**PROBLEM TO WORK ON:** Please repeat exactly the lines from the one containing "With further investigation" to the end of the entries below, both included, and omit all pictures.

|---|

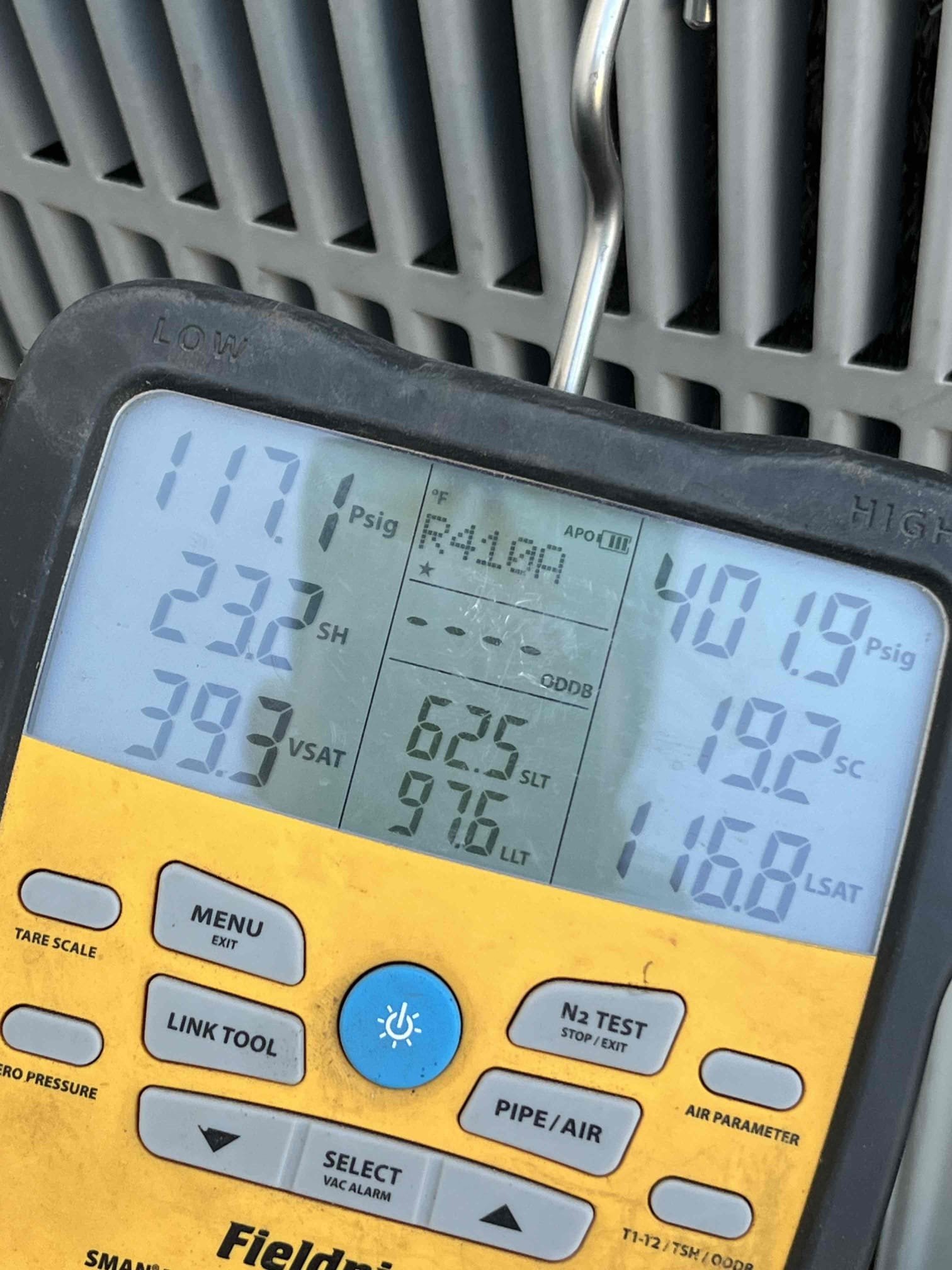 Demand service
No cool 

Upon arrival, found thermostat calling for cooling
Didn’t really feel a lot of air coming out of the vaunts

With further investigation found ice on suction line

Turn heater on and rinse out condenser to get rid of the ice
After testing equipment, I found that system was slightly low on
Also blower motor capacitor, and run capacitor at condenser, both tested weak and out of range

🗣️
Spoke with client informed her of findings
Client approved necessary repairs

Add 3 pounds of R410A and replaced run cap capacitor

✅
System is now cooling properly

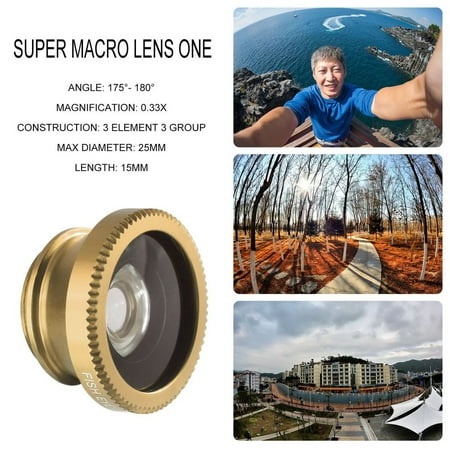 3 in 1 Universal Portable Clip Mobile Lens Wide Macro Angle Round Shaped Fisheye Lens Triple Camera Lens Kit For Smart Phone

|---|

**RESULT OF THE EXERCISE:**
With further investigation found ice on suction line

Turn heater on and rinse out condenser to get rid of the ice
After testing equipment, I found that system was slightly low on
Also blower motor capacitor, and run capacitor at condenser, both tested weak and out of range

🗣️
Spoke with client informed her of findings
Client approved necessary repairs

Add 3 pounds of R410A and replaced run cap capacitor

✅
System is now cooling properly

 3 in 1 Universal Portable Clip Mobile Lens Wide Macro Angle Round Shaped Fisheye Lens Triple Camera Lens Kit For Smart Phone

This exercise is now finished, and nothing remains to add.